■ Instructions to follow ■
Skip the pictures, and retype the data below in full, exactly.

■ Record set ■

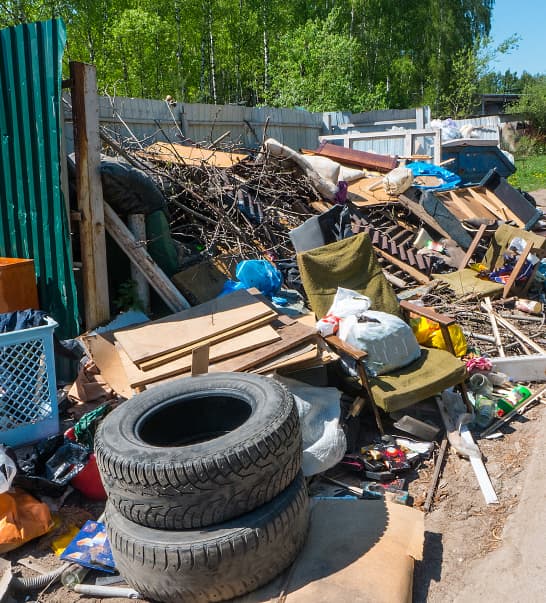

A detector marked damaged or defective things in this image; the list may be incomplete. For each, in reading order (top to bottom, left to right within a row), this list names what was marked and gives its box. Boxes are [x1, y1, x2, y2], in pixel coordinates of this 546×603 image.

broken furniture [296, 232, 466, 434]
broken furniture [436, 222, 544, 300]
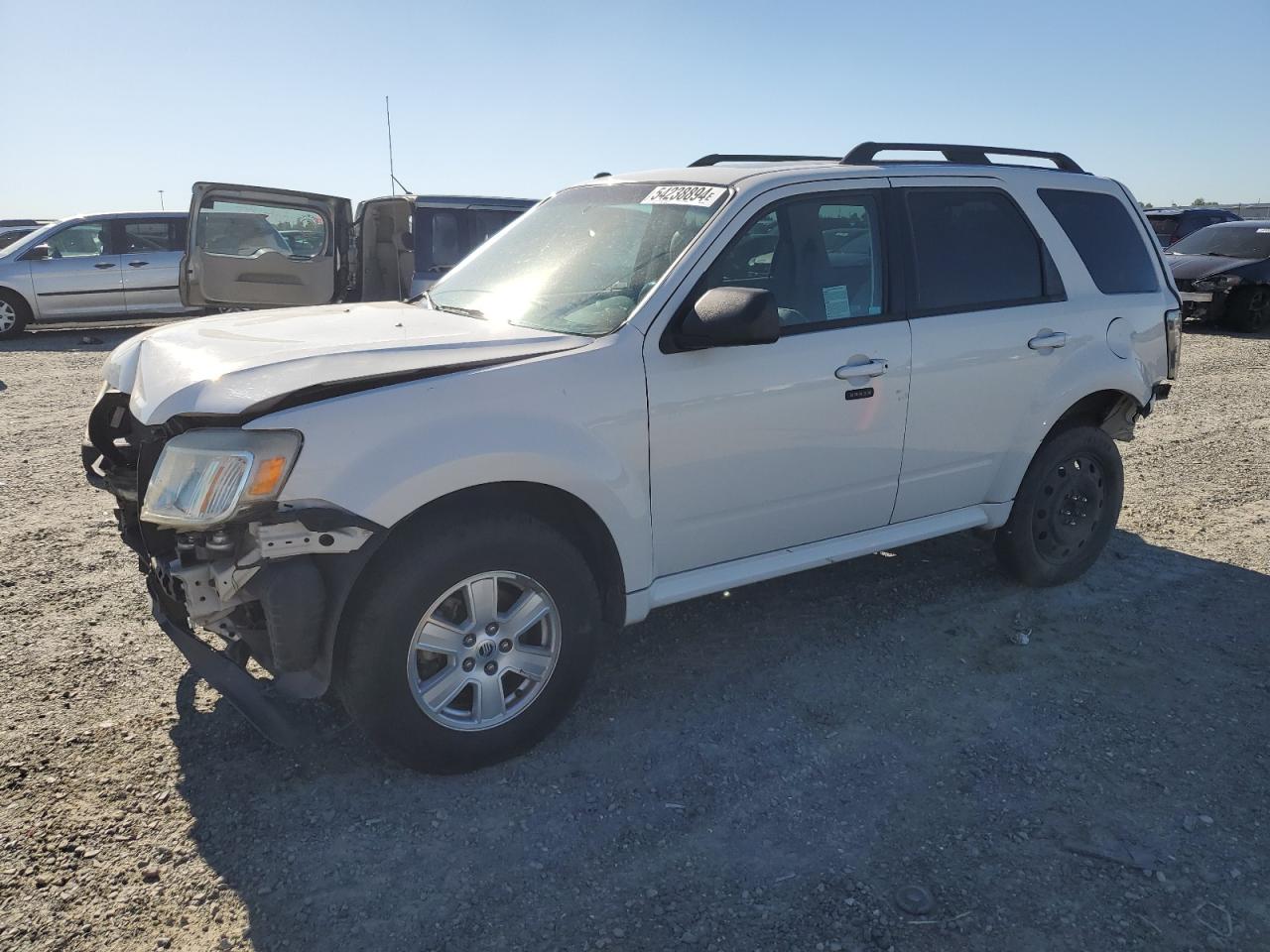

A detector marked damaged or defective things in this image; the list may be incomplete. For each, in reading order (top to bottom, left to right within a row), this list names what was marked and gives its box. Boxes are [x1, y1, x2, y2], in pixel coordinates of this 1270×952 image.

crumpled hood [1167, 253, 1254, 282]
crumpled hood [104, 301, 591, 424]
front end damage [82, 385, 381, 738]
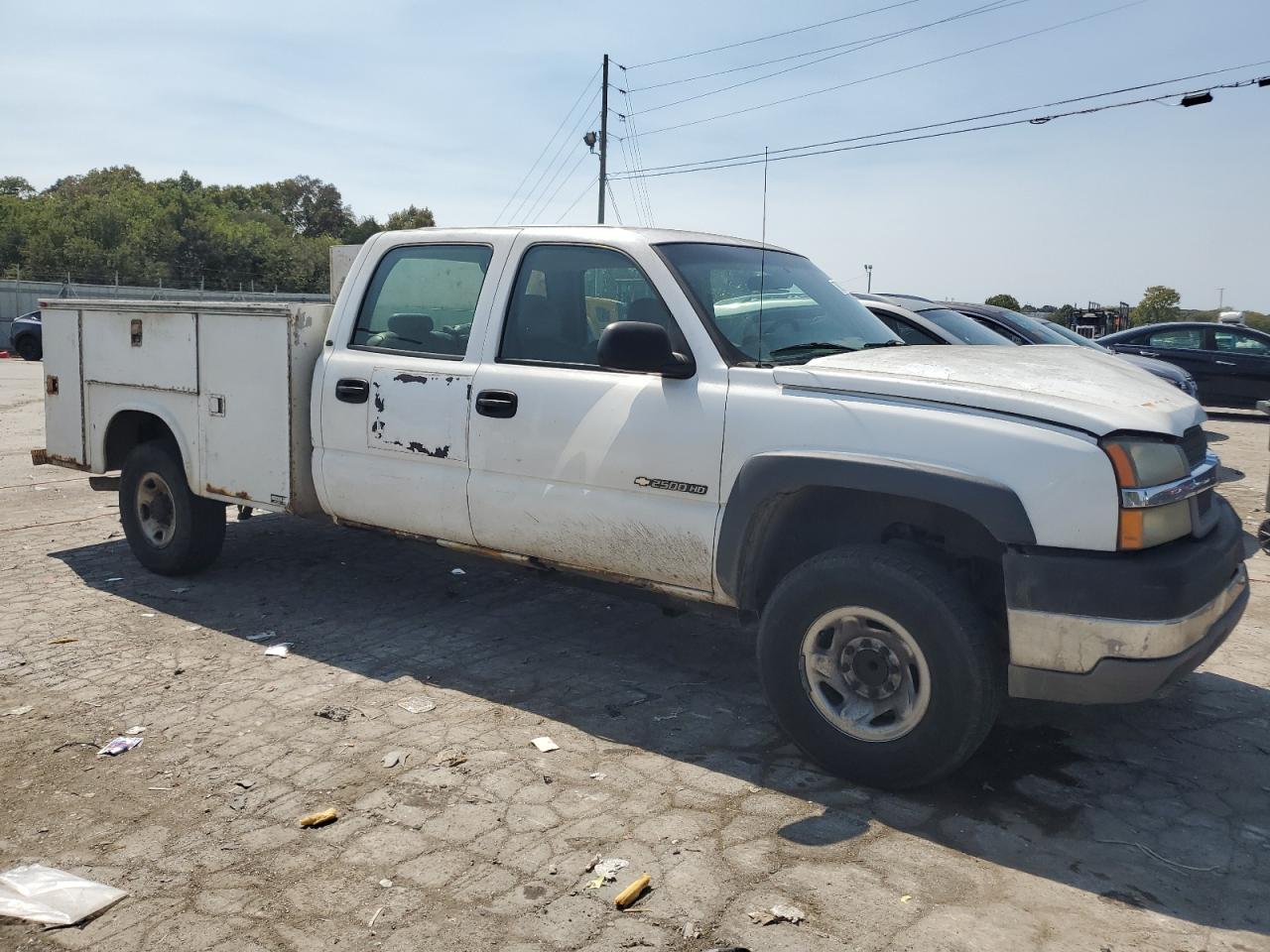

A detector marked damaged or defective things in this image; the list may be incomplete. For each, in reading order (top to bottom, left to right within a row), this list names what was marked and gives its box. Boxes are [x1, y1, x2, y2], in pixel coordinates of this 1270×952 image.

■ Answer to this task ■
A detector marked damaged or defective things in this image; the list may be incomplete. For each, in reading order (top to bottom, left to right within a row), this list names what was marked and gives its box. Boxes are [x1, y1, x2, y2], in pixel coordinates of this 546×603 image.

broken furniture [296, 232, 466, 434]
broken furniture [436, 222, 544, 300]

A detector marked damaged or defective things in this image; the list may be incomplete. For each, in reading order (top to bottom, left to right within a row), this list names what was marked and gives its box. Boxes are [x1, y1, x2, y2], in pixel coordinates of this 1270×952 image.

crumpled hood [1167, 253, 1254, 282]
crumpled hood [104, 301, 591, 424]
front end damage [82, 385, 381, 738]

A detector marked damaged or defective things in this image; the list may be incomplete. For each, in reading order (top to bottom, left to right within a row), this list names what was marked and gives its box. Boxes are [x1, y1, x2, y2], in pixel coordinates of this 1270×952 image.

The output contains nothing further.